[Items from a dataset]
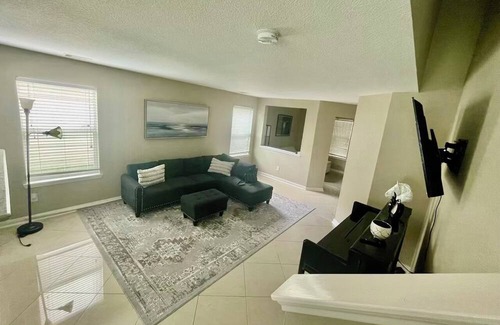Southeast Houston House | Near Stadium! Comfort + Location, game room & pet friendly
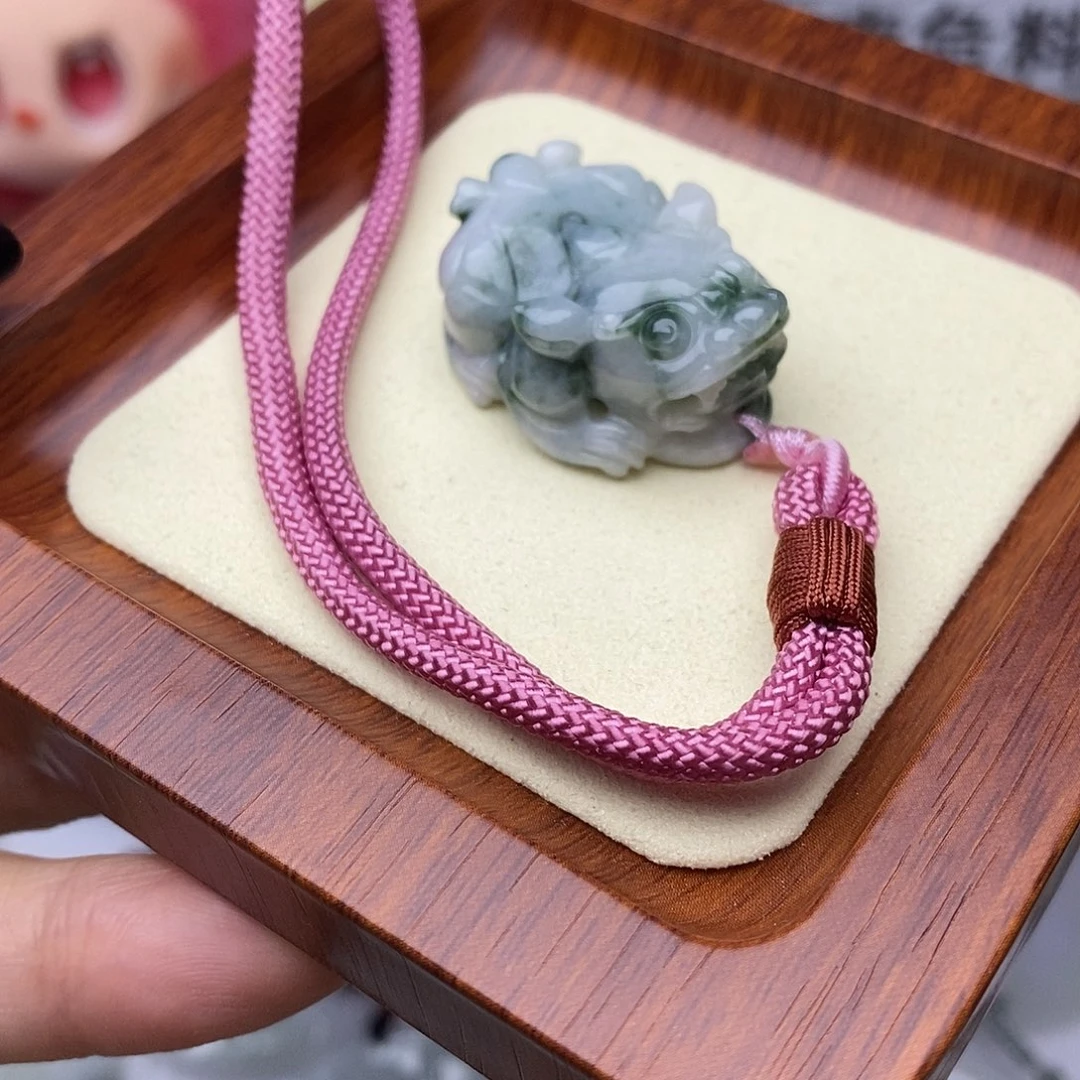 翡翠未镶嵌颈饰貔貅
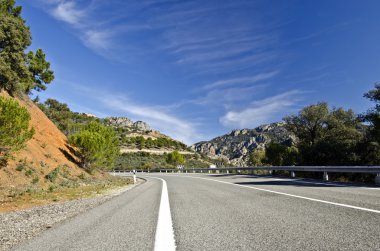 Despenaperros ulusal parkında Kuzey Anda kırsal yol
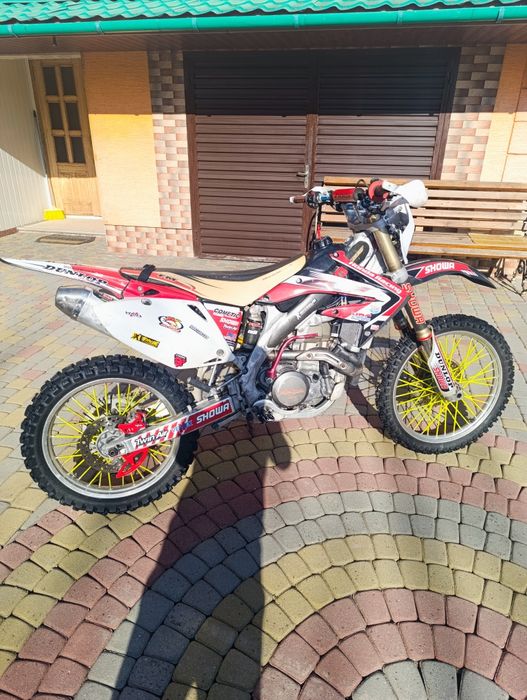 Продам мотоцикл Honda CRF 450  2008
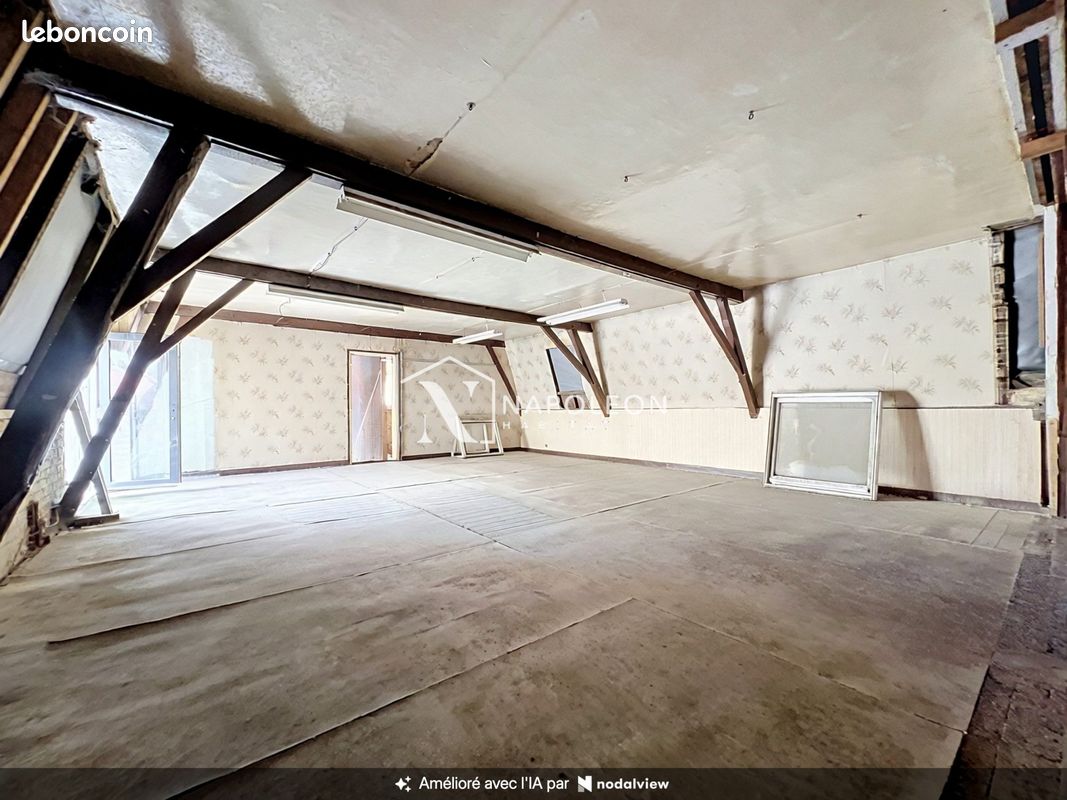 Appartement 4 pièces 100 m² · à Roubaix · 100 m² · 98 000 €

* [Exercise requirements]: Repeat exactly the lines above, from the line containing "Despenaperros ulusal parkında" through the last line of the records, inclusive; omit any pictures.

* [Result of this exercise]:
 Despenaperros ulusal parkında Kuzey Anda kırsal yol
 Продам мотоцикл Honda CRF 450  2008
 Appartement 4 pièces 100 m² · à Roubaix · 100 m² · 98 000 €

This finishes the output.